___ Input data

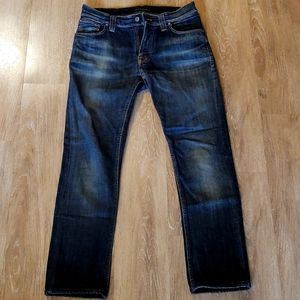 Nudie Jeans, Thin Finn  30×34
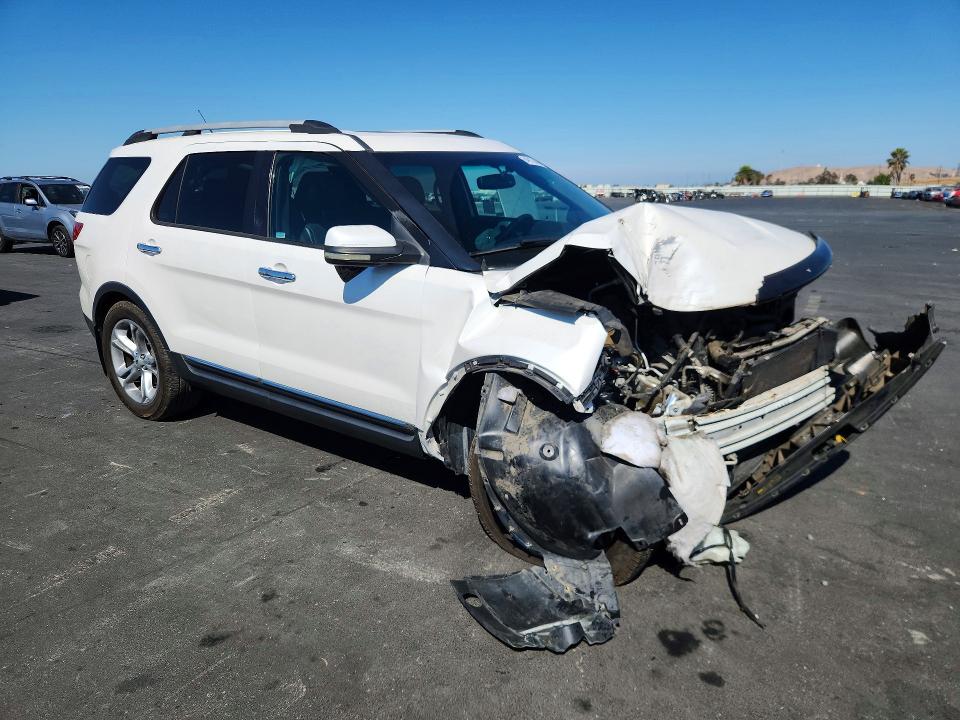 Продаж на аукціоні авто 2012 Ford Explorer, vin: 1FMHK7F83CGA83983, номер лоту: 64813886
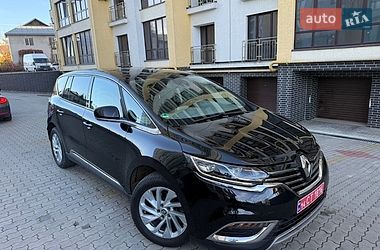 Renault Espace  2016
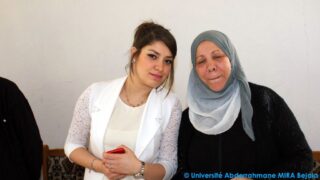 Depart en retraite de Mme KENOUCHI Nadia Nee MESSAMRI Centre D impression et d audiovisuel 08 Mai 2018 031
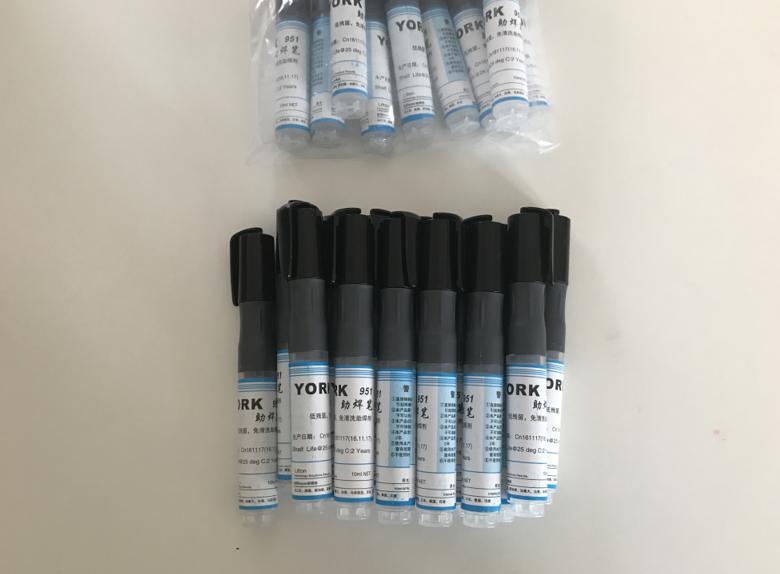 1pc x YORK 951 10ml Soldering  – Diy Electronics Flux recenzja i cena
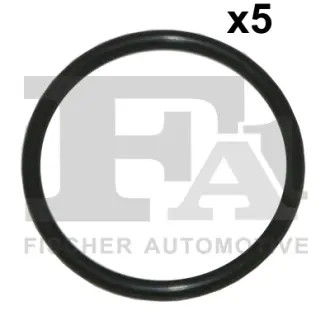 Уплотнительное кольцо/FPM 53,00 x 61,00 x 4,00 black FA1 (Fischer Automotive One) 076342005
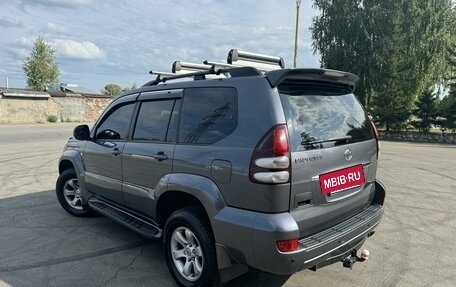 Toyota Land Cruiser Prado 120 рестайлинг, 2006 год, 2 550 000 рублей, 14 фотография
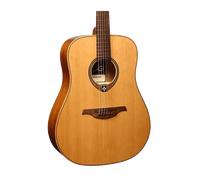 LAG Guitarra Acústica Dreadnought Tramontane 170 Natural Satinado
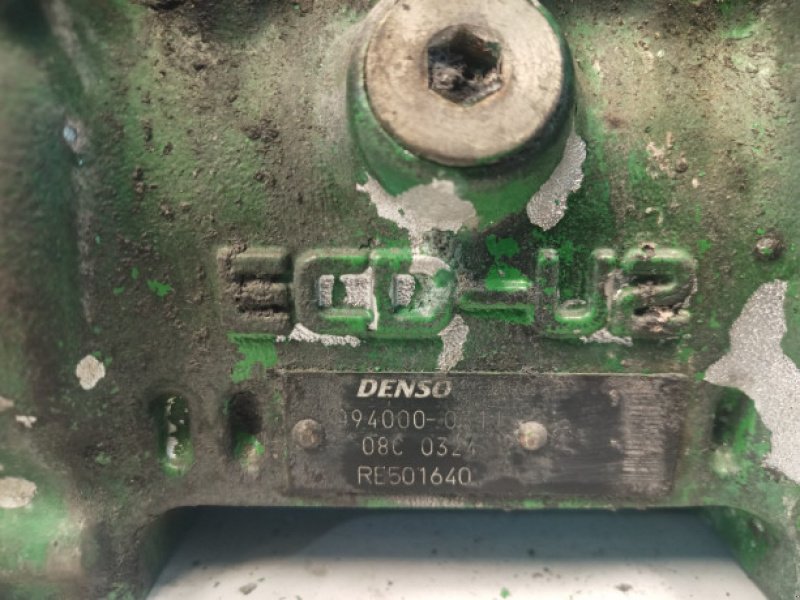 Motor und Motorteile типа John Deere 9780, Gebrauchtmaschine в Hemmet (Фотография 4)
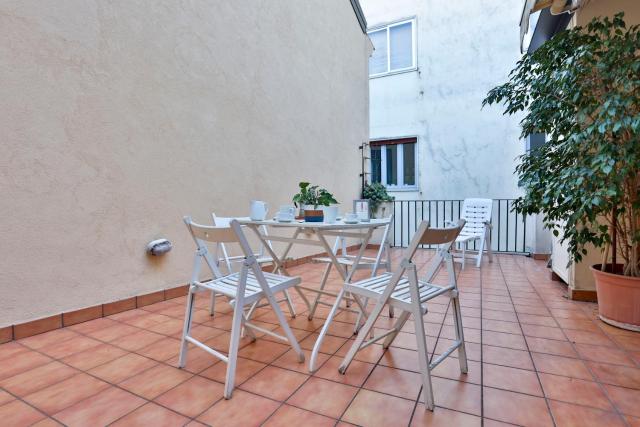 GuestHost - Lungomare Central Apartment with terrace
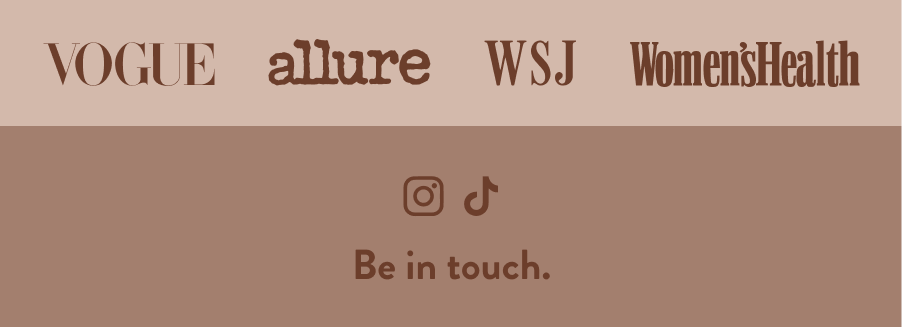 paume. be in touch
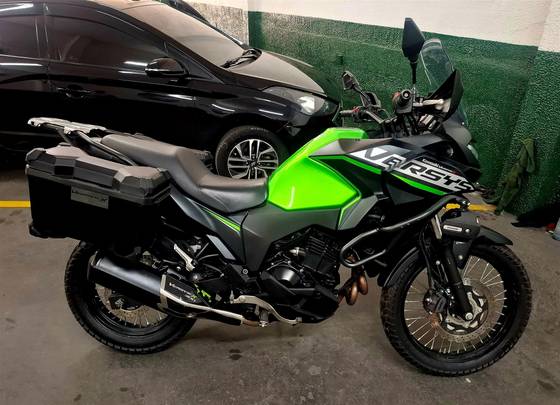 KAWASAKI VERSYS-X 300 TOURER ABS 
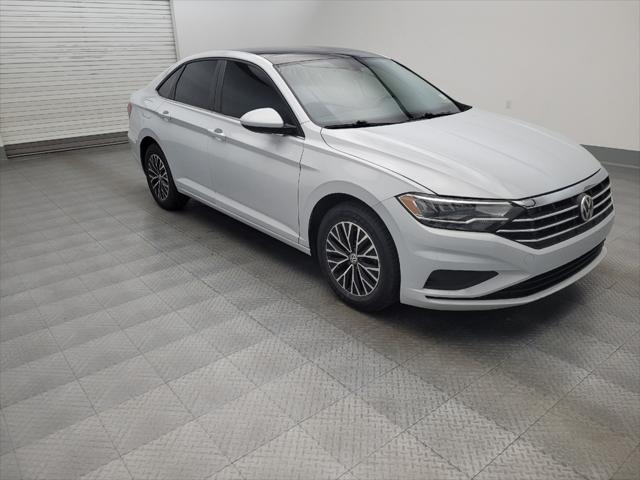 used 2019 Volkswagen Jetta car, priced at $16,695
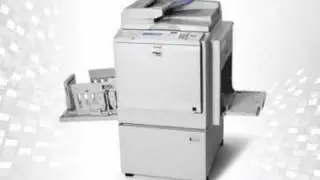 Ricoh DX4545 - Vcomm : 0800 95598 - multifunctionele apparaten, kopieermachines, printers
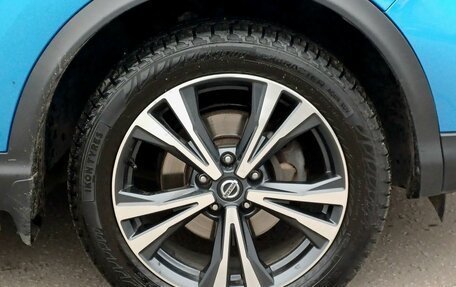 Nissan Qashqai, 2020 год, 1 649 000 рублей, 9 фотография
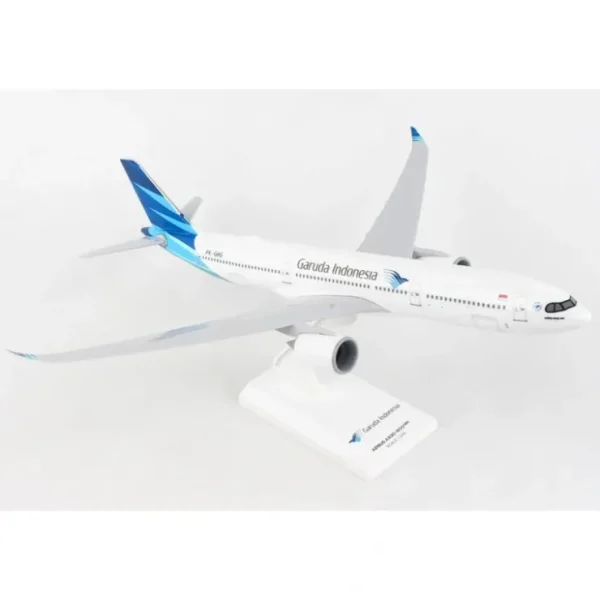 Best SkyMarks 1:200 Garuda Airbus A330-900NEO SKR1060 - Miniature Marvels: Airplane Models & Painted Dice Airplane Model
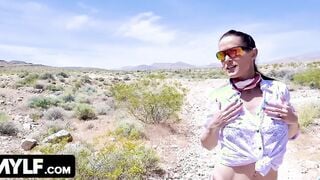 Public Banged during Lockdown with my Erotic Stepmom Sofie Marie
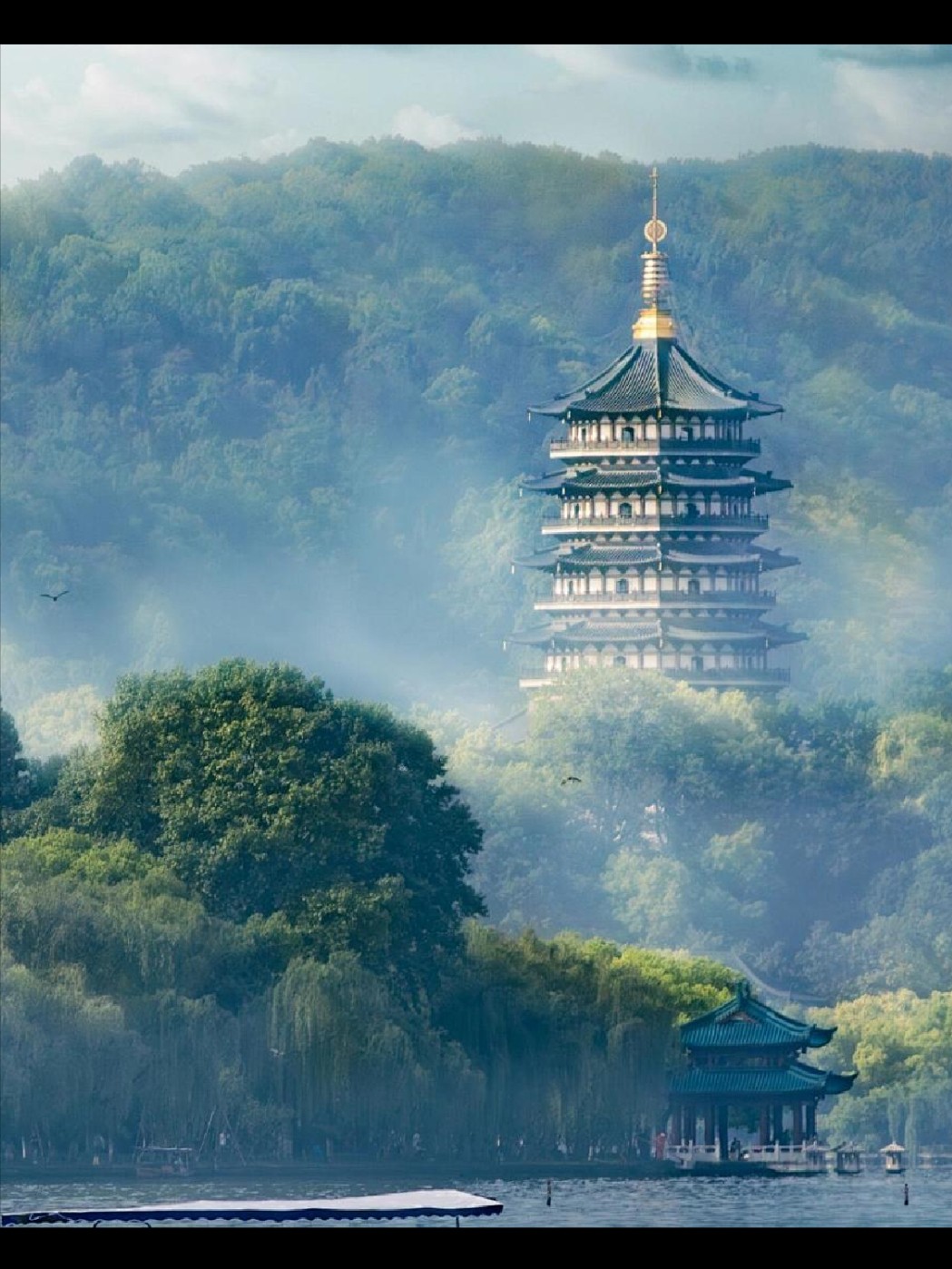 江南詩情、地上の天国、茶文化の発祥地です。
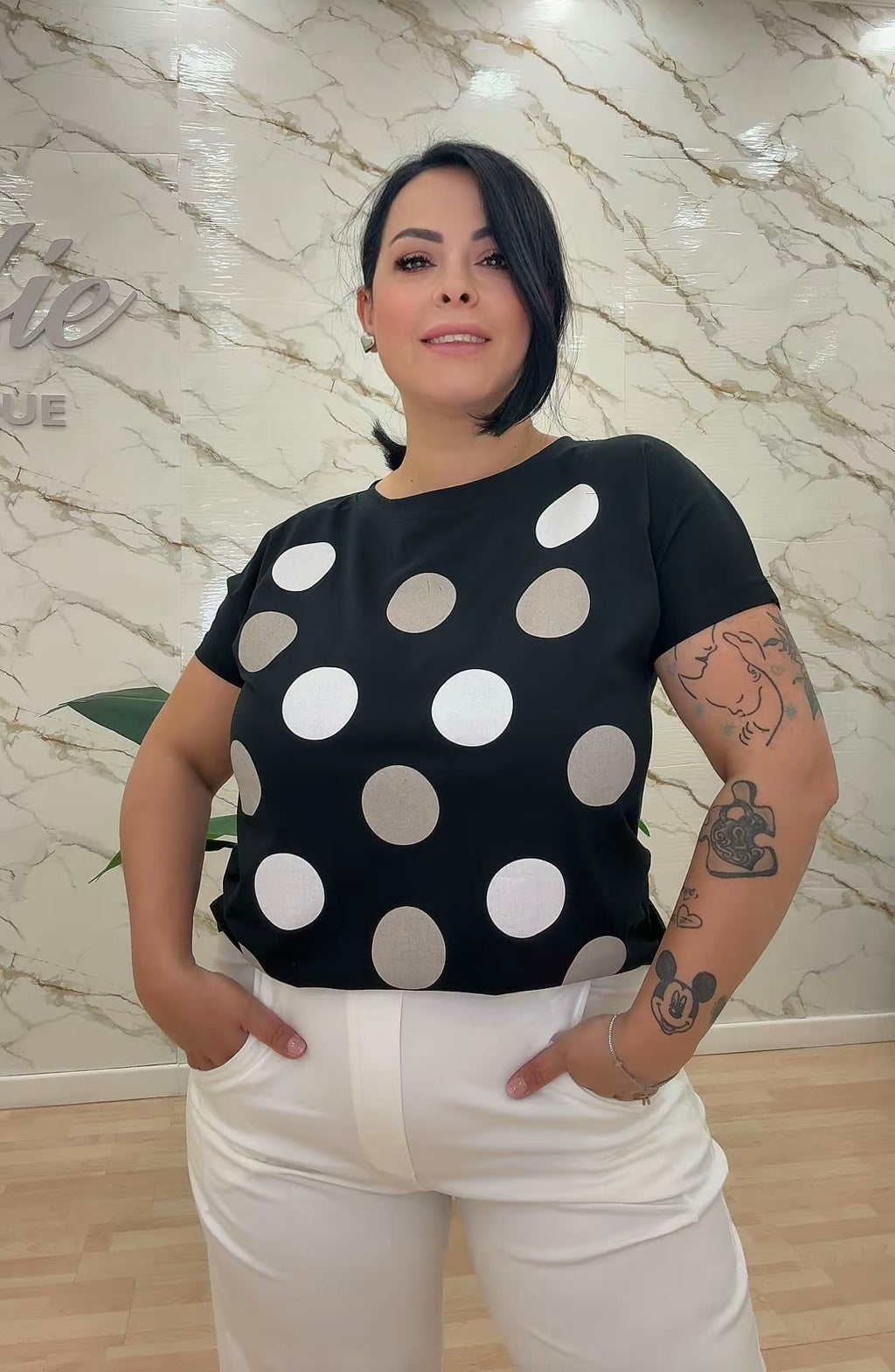 T-shirt POIS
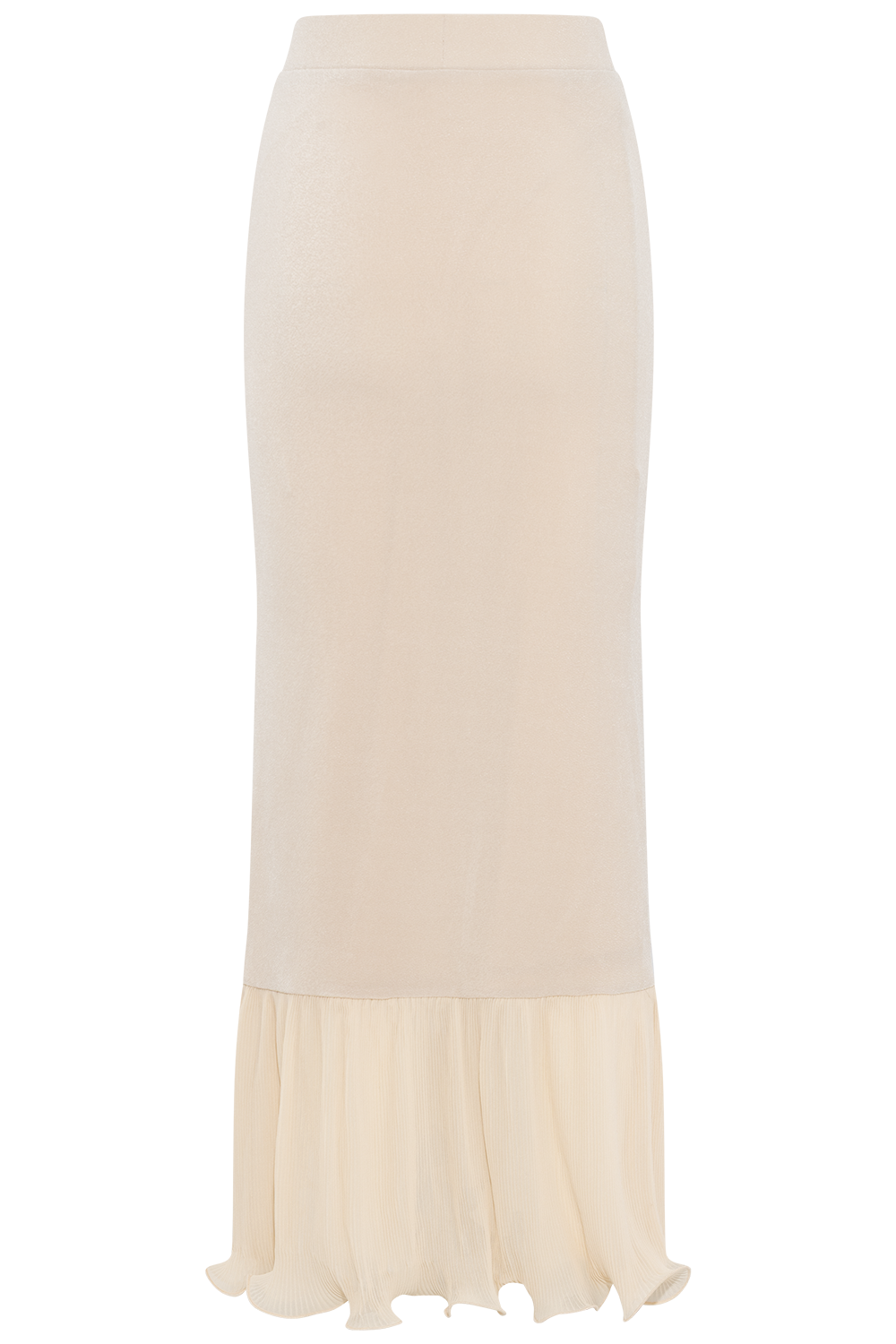 Dion Skirt - Pearled Ivory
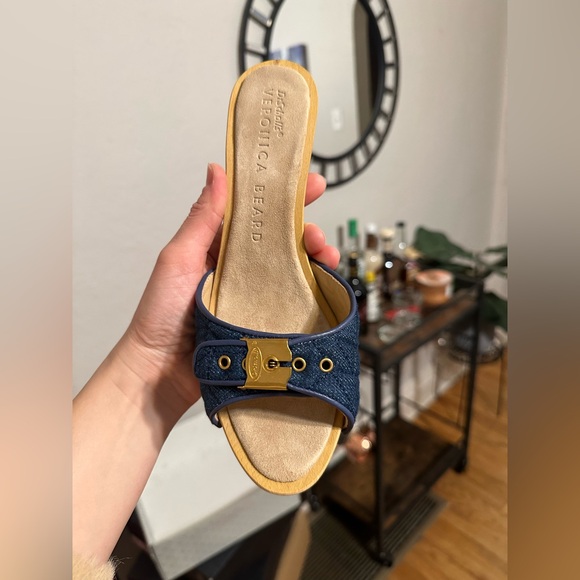 DR SCHOLL’S VERONICA BEARD SANDALS - Picture 11 of 11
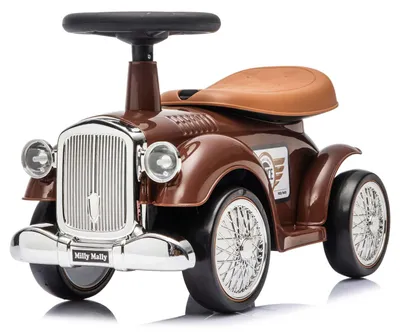 Produktbild von Lernwagen Milly Mally Royce Choco 7019 (5907090701389)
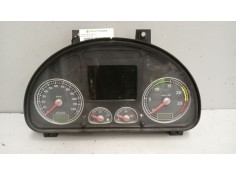 Recambio de cuadro instrumentos para iveco stralis (as) 12.9 diesel referencia OEM IAM 504276236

______

* **What is being asked**: Reproduce the listing above exactly from the line containing "Продаж на аукціоні" up to and including the line containing "1pc x YORK 951", omitting any images and everything outside those lines.

* **Answer for this exercise**:
 Продаж на аукціоні авто 2012 Ford Explorer, vin: 1FMHK7F83CGA83983, номер лоту: 64813886
 Renault Espace  2016
 Depart en retraite de Mme KENOUCHI Nadia Nee MESSAMRI Centre D impression et d audiovisuel 08 Mai 2018 031
 1pc x YORK 951 10ml Soldering  – Diy Electronics Flux recenzja i cena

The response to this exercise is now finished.